June 25, 2013

Five Tips for Reading Aloud to Young Children

Moms and kids create their own books together at a literacy workshop.

A project I am particularly proud to be part of is the Beyond Our Gates Reading by Third initiative, coordinated by University of the Pacific, with support from dozens of local individuals and organizations.

Research shows that the ability to read proficiently by the end of third grade is an important predictor of a child's educational success - kids who aren't strong readers by the time they leave third grade tend to fall behind, and many of them don't catch up. Unfortunately, fewer than half of third graders in our community are reading at grade level.

But we can turn things around.

One of the easiest - and, it must be said, most fun - ways to nurture strong readers is to read aloud to young children every day. Reading aloud help kids build vocabulary, make the connection between letters and words, and, perhaps most importantly, develop a strong bond with the adults in their lives.

For a lot of us, reading aloud feels easy and natural. But, many times, it can seem a little awkward, especially when your child is too young to sit still through a whole story, or even to really understand the words.
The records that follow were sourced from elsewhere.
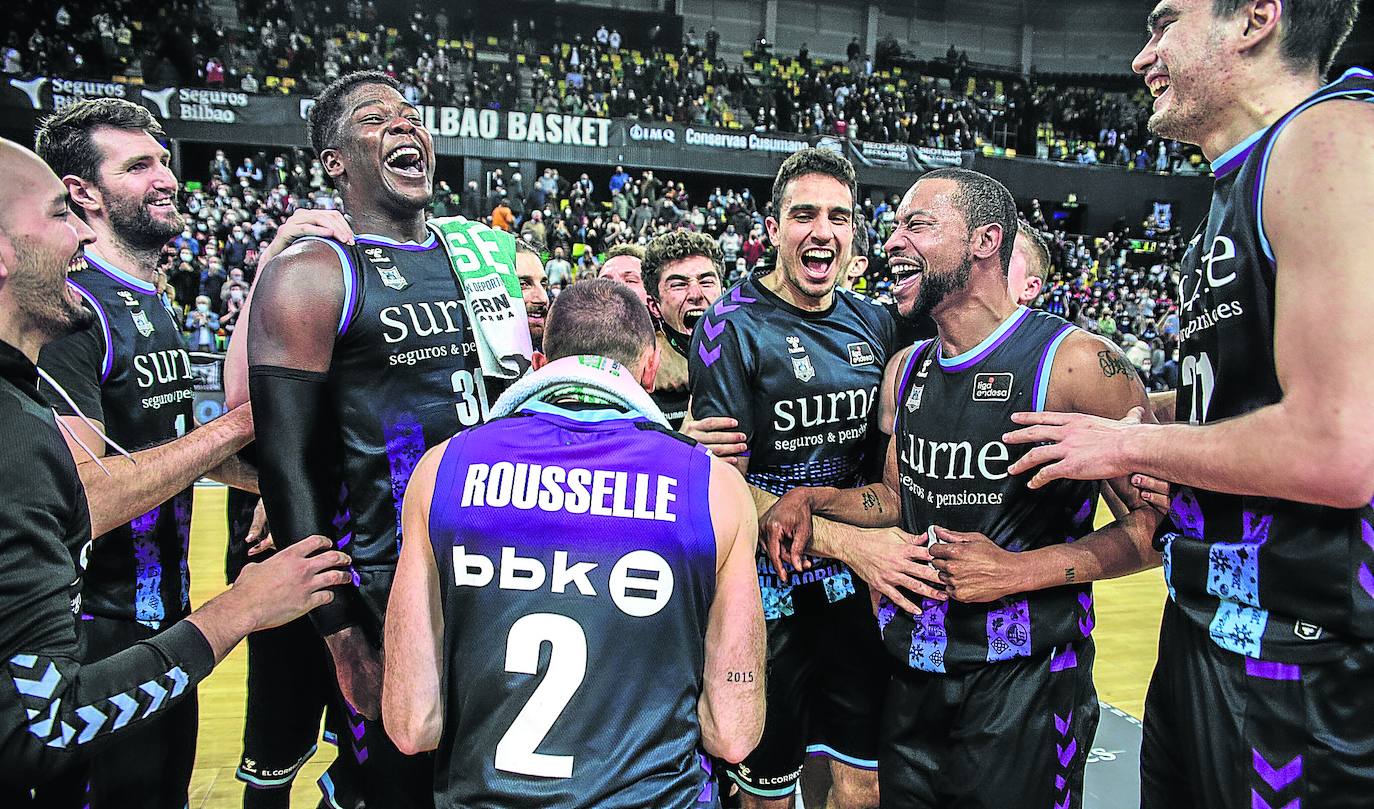 Jugadores del Surne Bilbao Basket celebran todos juntos el triunfo ante el Manresa en Miribilla. 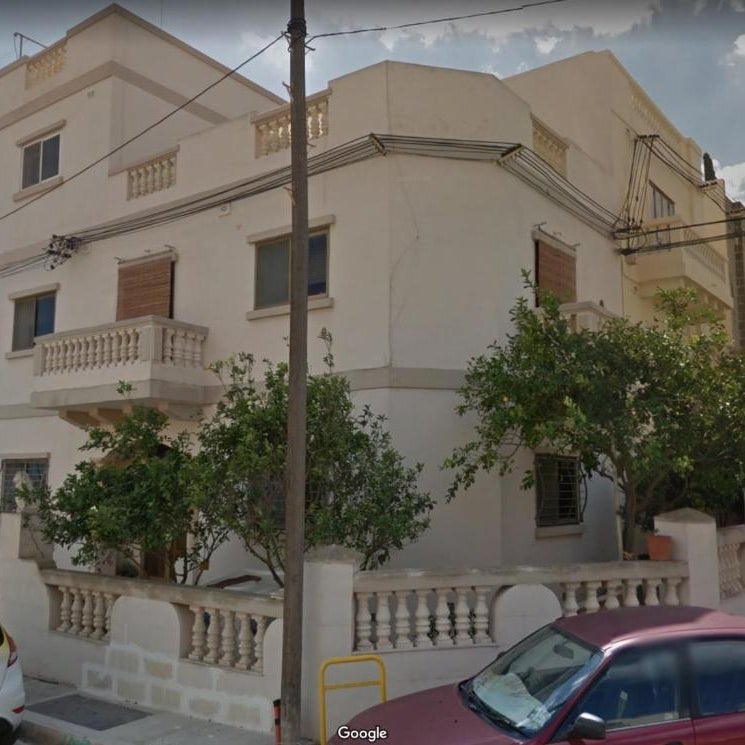 Corner Townhouse 1Km from University Thumbnail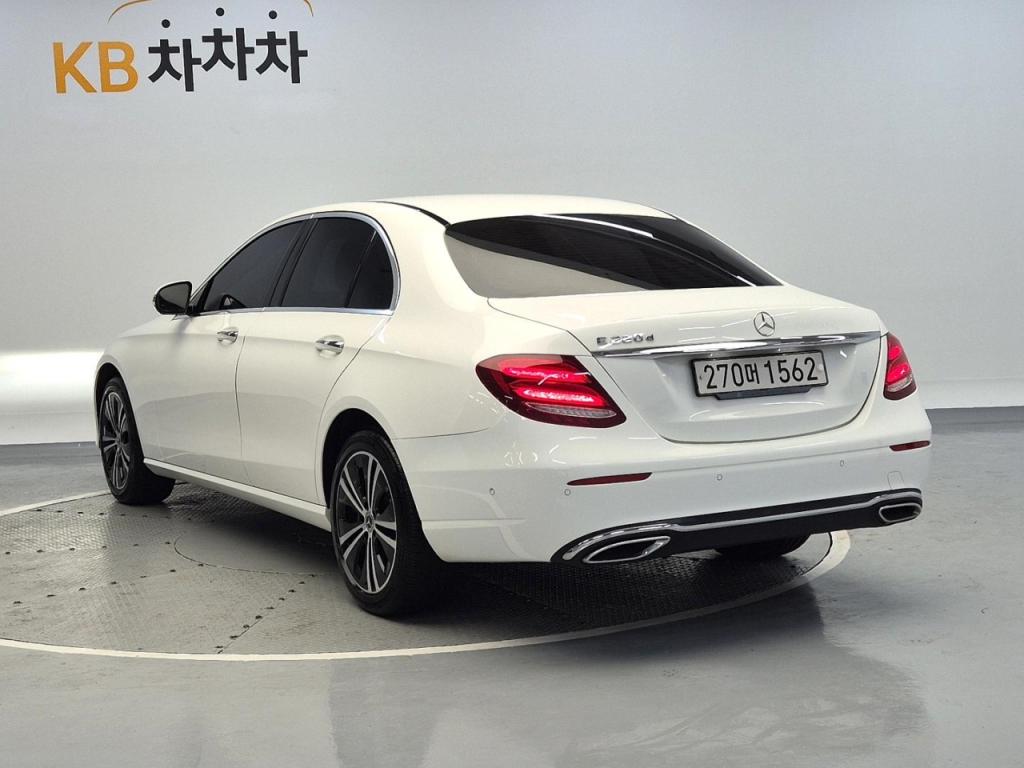2020 BENZ E CLASS (5Gen) E220d Avant -garde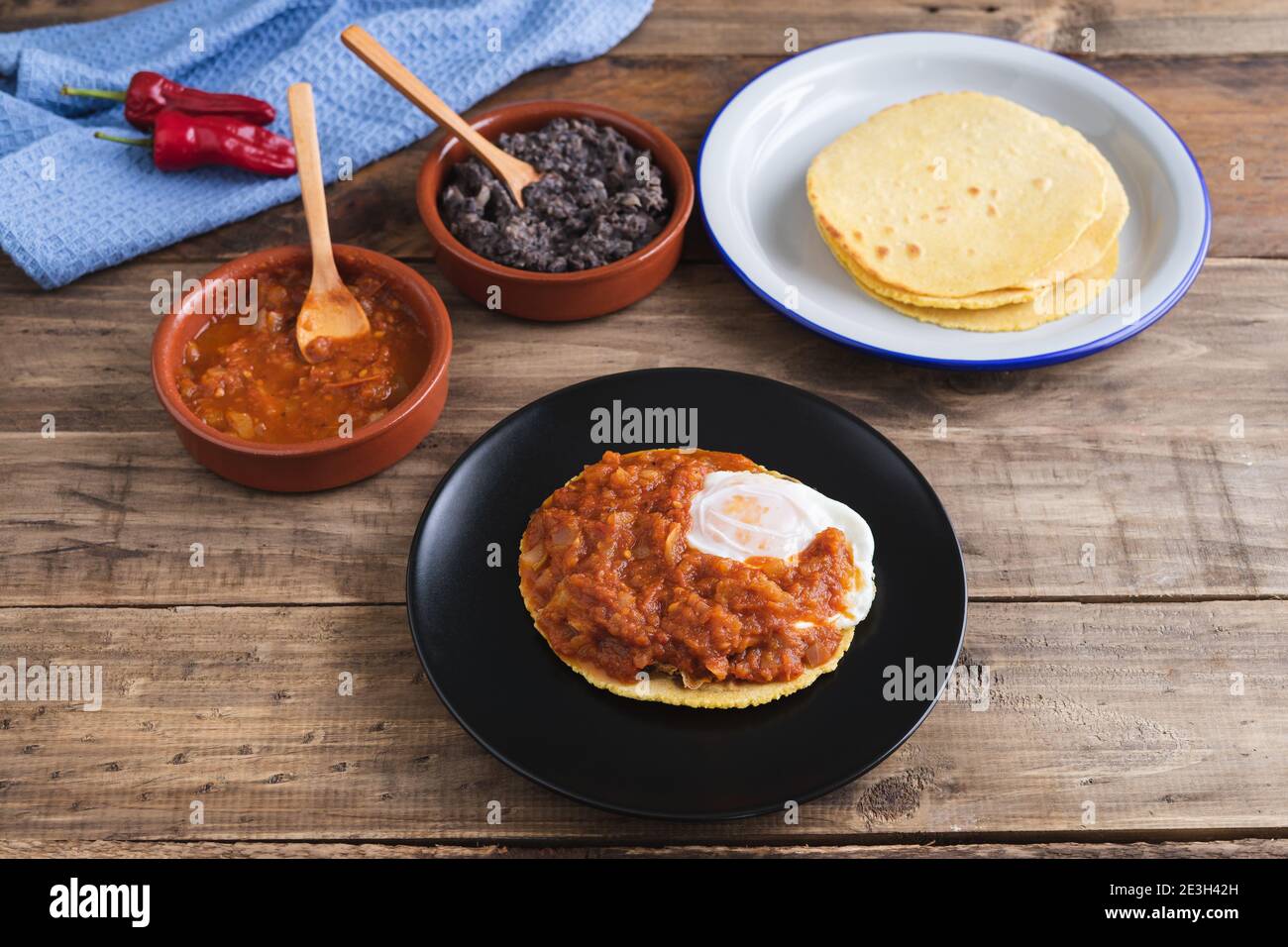 Plat huevos rancheros, petit déjeuner mexicain sur une base en bois. Cuisine mexicaine. Copier l'espace. Banque D'Images
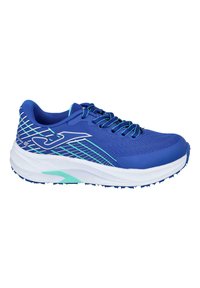 Zapatilla de running azul con parte superior de malla, media suela blanca y suela texturizada. Presenta detalles en verde y un patrón geométrico en el costado.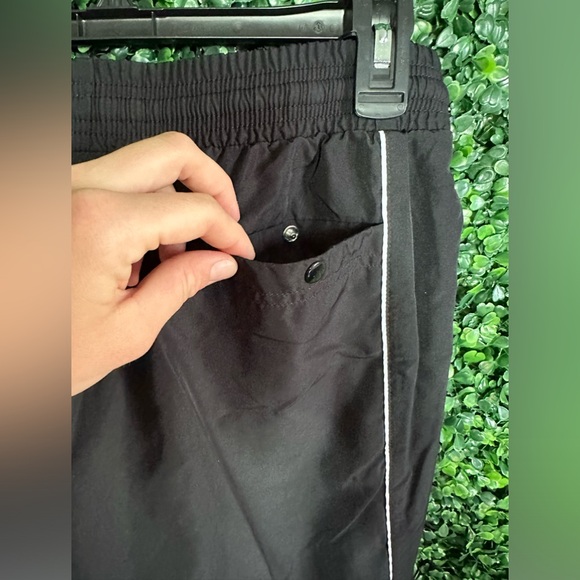 Y2K Black Nike Wind Breaker Sweatpants - Picture 6 of 8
To help show parents how and why to read aloud to young children, we launched a series of summer literacy workshops. The project kicked off last week, and in celebration, I thought I'd share five simple tips for reading aloud with little ones (Tips compiled by First 5 San Joaquin):

  1. Point to each word as you read so your child makes the connection between words and letters.
  2. Read your child's favorite books over and over again.
  3. Choose stories with rhyming words and lines that repeat.
  4. Discuss new words. For example, "This big house is called a 'palace.' Who do you think lives in a palace?"
  5. Stop and ask about the pictures and what is happening in the story.